Mr. Pikulthong also noted 2. “There must not be actions taken that negatively effect the longstanding culture and way of life of the Moken. Although it may not be possible to do everything exactly as the Moken would like to do, their considerations should come first, and we should leave them with a strong path moving forward. After the 2004 Tsunami, others took the opportunity to forcibly sweep away 13 separate communities of indigenous seafaring people.
“In the case of this large fire, we should not see this as an opportunity to forcibly take away any rights of the villagers. We must not forget that this is the home of the Moken people, who have been here longer than the park. Thus, as it’s their ancestral home, they should have the right to have a say in how construction of new housing is planned. New housing should allow them the right to health, safety, and stability in line with their way of life; for example, allowing each house to have direct access to a stretch of the beach where they can leave their wooden boats.

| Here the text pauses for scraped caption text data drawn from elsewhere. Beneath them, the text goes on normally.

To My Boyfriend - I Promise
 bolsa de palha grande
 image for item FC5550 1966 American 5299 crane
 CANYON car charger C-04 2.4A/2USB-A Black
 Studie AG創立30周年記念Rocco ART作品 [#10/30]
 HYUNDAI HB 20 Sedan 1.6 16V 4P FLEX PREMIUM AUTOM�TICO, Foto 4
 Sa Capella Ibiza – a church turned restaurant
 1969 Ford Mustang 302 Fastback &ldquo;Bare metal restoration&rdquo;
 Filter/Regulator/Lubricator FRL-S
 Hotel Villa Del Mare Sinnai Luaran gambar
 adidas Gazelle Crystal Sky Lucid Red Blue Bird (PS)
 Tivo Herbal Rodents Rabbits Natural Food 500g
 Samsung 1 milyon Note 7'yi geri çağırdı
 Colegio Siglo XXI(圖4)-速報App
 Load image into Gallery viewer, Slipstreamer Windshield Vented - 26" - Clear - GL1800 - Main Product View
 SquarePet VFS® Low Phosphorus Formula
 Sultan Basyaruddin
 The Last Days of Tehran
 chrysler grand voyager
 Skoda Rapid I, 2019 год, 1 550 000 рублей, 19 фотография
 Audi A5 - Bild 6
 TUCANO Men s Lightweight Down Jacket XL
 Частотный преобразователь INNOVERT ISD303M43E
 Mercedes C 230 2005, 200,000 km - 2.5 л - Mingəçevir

“In the past, Moken people used to live in small bays and harbors spread out along the islands of the Andaman sea, but were swept up and forced to live all together in one place. This lead to the congested conditions they lived in prior to the fire; so, we ought to expand the area in which they are allowed to live. They have been here longer than any of us, but their rights were essentially seized away and they were forced to live in one location; I see no reason why we can’t better accommodate their needs going forward. I have spoken to the Deputy Minister of the Ministry of Natural Resources and Environment on the phone, and urged him to call a meeting to allow the Moken on Surin Island to state their needs and concerns before we rush to rebuild everything.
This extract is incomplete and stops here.